30…熱成形装置用負圧供給手段、30a…分岐部、31a〜31d…エア流路、
32a…成形負圧供給用バルブ、32c…離型エア供給用バルブ、
33a…成形負圧供給用電磁弁、33c…離型エア供給用電磁弁、
34…真空ポンプ、35…真空タンク(負圧源)、
40…成形型、
41…型プレート、41a…型側接触面、41b…取付面、42…成形用エア通路、
43…取付型、
43a…成形面(材料接触面)、43b…被取付面、44…成形用エア通路、
50…ベース体、50a…ベース側接触面、50b…被取付面、
51,51a,51b…凹部、52…エア通路、52a…吸引孔、
53…成形用エア通路、54…冷却液通路、56…位置決め部、57…掛止部、
58…シール部材、
60…負圧供給手段、
61,61a,61b,61c…共通流路、
61h…型吸着用電磁弁、61i…型吸着開放用電磁弁、
62…個別流路、62a…マニホールド(分岐部)、
63…逆止弁、64…真空ポンプ、65…真空タンク(負圧源)、
66…圧力スイッチ(熱成形停止手段の一部)、
67…エア圧検出センサ(熱成形停止手段の一部)、
68…個別電磁弁とされた個別閉塞用バルブ(第二の閉塞手段)、
70…閉塞部材(第一の閉塞手段)、70a…閉塞部材側接触面、
80…制御盤(熱成形停止手段の一部)、
88…熱成形停止手段、
D1…搬送方向、D2…シートの幅方向、
F1…熱成形品、L1…成形位置、S1…シート(樹脂成形材料)、SP1…閉空間。
【技術分野】
【0001】
本発明は、熱成形用の型をベース体に固定する技術に関する。
【背景技術】
【0002】
熱成形装置の型は、ベース体に固定されて使用される。
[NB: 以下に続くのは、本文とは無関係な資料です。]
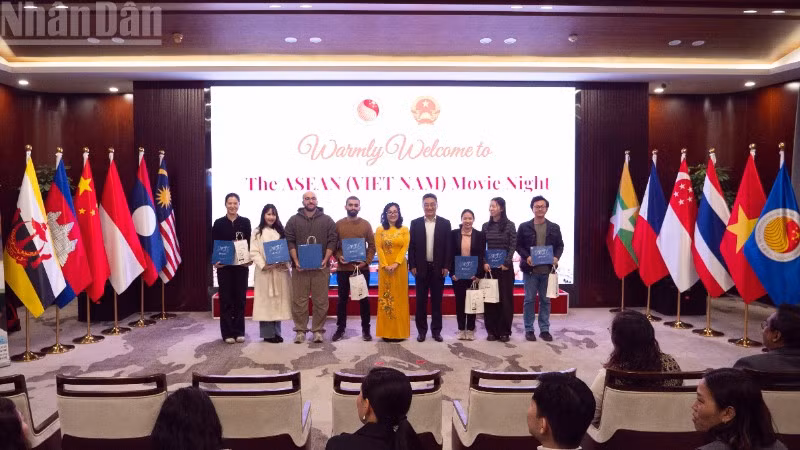 Đại sứ quán Việt Nam tại Trung Quốc và Trung tâm Trung Quốc-ASEAN tặng quà khán giả.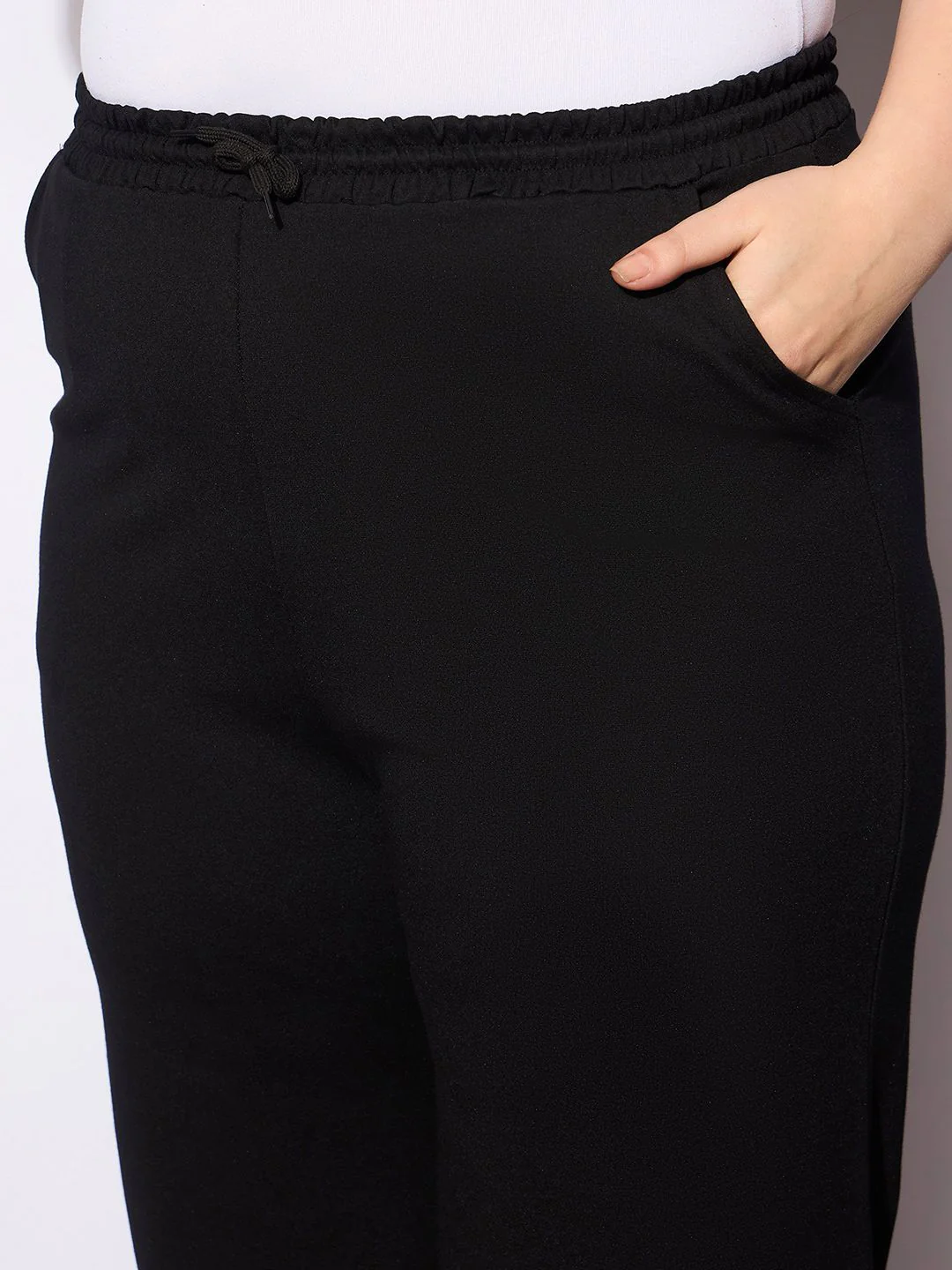 SASSAFRAS Curve Women Plus Size Mid-Rise Straight Fit Trousers - Image 6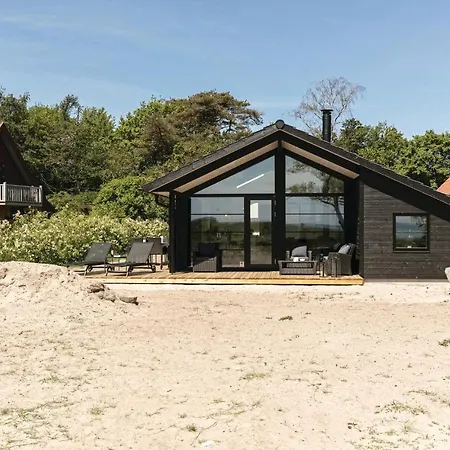 Three-bedroom In Nyaraló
型の固定方法には、ボルトを用いてベース体に型をボルト止めする方法や、ベース体に設けたダイクランプで型の縁部を掛止する方法がある。
特許文献1の図8及び段落0023には、型ベース部材の型保持部位と交換用雌型とにねじ孔を形成しておき、該ねじ孔にねじを螺合させて型保持部位に対して交換用雌型を固定することが記載されている。
【先行技術文献】
【特許文献】
【0003】
【特許文献1】特開2007−144828号公報
【発明の概要】
【発明が解決しようとする課題】
【0004】
しかし、ベース体に型をボルト止めする作業には多くの手間がかかる。
また、型固定にダイクランプを用いる場合、クランプの位置に合わせた大きさの型を用意する必要がある。
【0005】
以上を鑑み、本発明は、熱成形用の型をベース体に固定し易くすることを目的としている。
【課題を解決するための手段】
【0006】
上記目的を達成するため、本発明は、樹脂成形材料を熱成形するための型をベース体に固定する型固定装置であって、
前記型は、前記ベース体に固定されるときに該ベース体と接触する型側接触面を有し、
前記ベース体は、前記型を固定するときに該型と接触するベース側接触面を有し、
本型固定装置は、前記ベース側接触面に負圧を作用させて該ベース側接触面に前記型側接触面を密着させる負圧供給手段を備え、前記ベース側接触面に負圧が作用した状態で前記ベース体に前記型が固定されることを特徴とする。
【0007】
また、本発明は、ベース体に固定された型を用いて樹脂成形材料を熱成形する熱成形装置であって、
前記型は、前記ベース体に固定されるときに該ベース体と接触する型側接触面を有し、
前記ベース体は、前記型を固定するときに該型と接触するベース側接触面を有し、
本熱成形装置は、前記ベース側接触面に負圧を作用させて該ベース側接触面に前記型側接触面を密着させる負圧供給手段を備え、前記ベース側接触面に負圧が作用した状態で前記ベース体に前記型が固定されることを特徴とする。
【0008】
さらに、本発明は、樹脂成形材料を熱成形するための型をベース体に固定する型固定方法であって、
前記ベース体に固定されるときに該ベース体と接触する型側接触面を前記型に設け、
前記型を固定するときに該型と接触するベース側接触面を前記ベース体に設け、
前記ベース側接触面に負圧を作用させて該ベース側接触面に前記型側接触面を密着させることにより前記ベース体に前記型を固定することを特徴とする。
【0009】
すなわち、上記負圧供給手段によりベース側接触面に負圧が作用すると、該ベース側接触面に型側接触面が密着し、熱成形用の型がベース体に固定される。従って、ベース体への型の固定が容易になる。
【0010】
ここで、上記負圧は、大気圧よりも低いエア圧(絶対圧)であればよく、いわゆる真空圧のみならず、いわゆる減圧のエア圧でもよい。
【発明の効果】
【0011】
請求項1、請求項8、請求項9に係る発明によれば、熱成形用の型をベース体に固定し易くすることが可能な型固定装置、熱成形装置、及び、型固定方法を提供することができる。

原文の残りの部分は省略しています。